Mas até o momento menos da metade das árvores - 5,5 milhões - foram plantadas, disse Pereira.

Em um comunicado, a prefeitura disse que "desconhece" o número citado pela ONG e confirmou apenas seu compromisso de plantar 13.500 árvores no Parque Radical de Deodoro como um dos legados ambientais dos Jogos Olímpicos. Mesmo assim, a prefeitura informou que ainda avalia a "viabilidade" de levar adiante o projeto.

Além disso, a prefeitura disse que a meta de plantio de 24 milhões de árvores foi proposta pelo governo do Estado do Rio de Janeiro, mas foi reavaliada e descartada depois que o Estado, o Comitê Olímpico e outros órgãos envolvidos consideraram que não seria viável.

Pereira, porém, disse que acompanhou as negociações para os Jogos Olímpicos e que as metas não foram descartadas.

No entanto, Pereira disse que a prefeitura foi bem sucedida em melhorar o tratamento de resíduos e ampliar o número de ciclovias para reduzir as emissões, bem como ao instalar painéis solares nas escolas.

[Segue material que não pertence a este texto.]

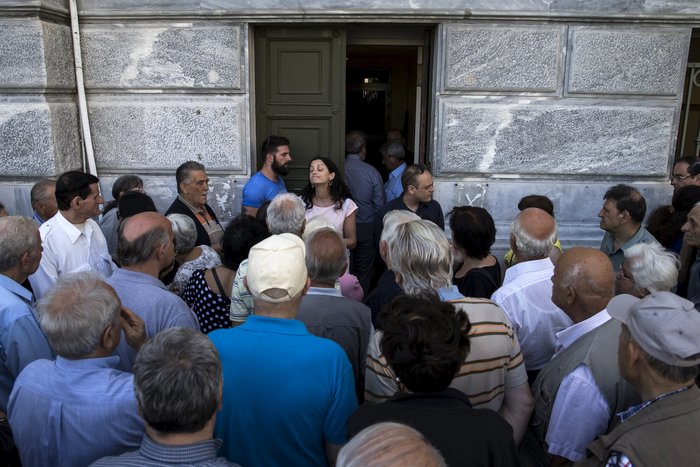 Το δράμα των συνταξιούχων μπροστά στα άδεια ATM - εικόνα 8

Contudo, ele disse estar preocupado com os efeitos da mudança climática no Rio, especialmente nas regiões mais pobres, e solicitou às autoridades municipais que realizem mais avaliações de risco.

Quase todos os anos, tempestades torrenciais provocam enchentes e deslizamentos de terra fatais em morros na cidade e em seus arredores.

As áreas mais planas e em grande parte pobres na região oeste também enfrentam ondas crescentes de calor, já que as mudanças climáticas trazem temperaturas mais extremas, disse ele.

"A zona oeste está muito quente - 48, 49 graus, além de chuvas torrenciais. Nos preocupa muito o período das chuvas a partir de janeiro", disse ele.

"A gente só quer que a prefeitura cumpra com seus acordos internacionais para a cidade se tornar um exemplo para o mundo."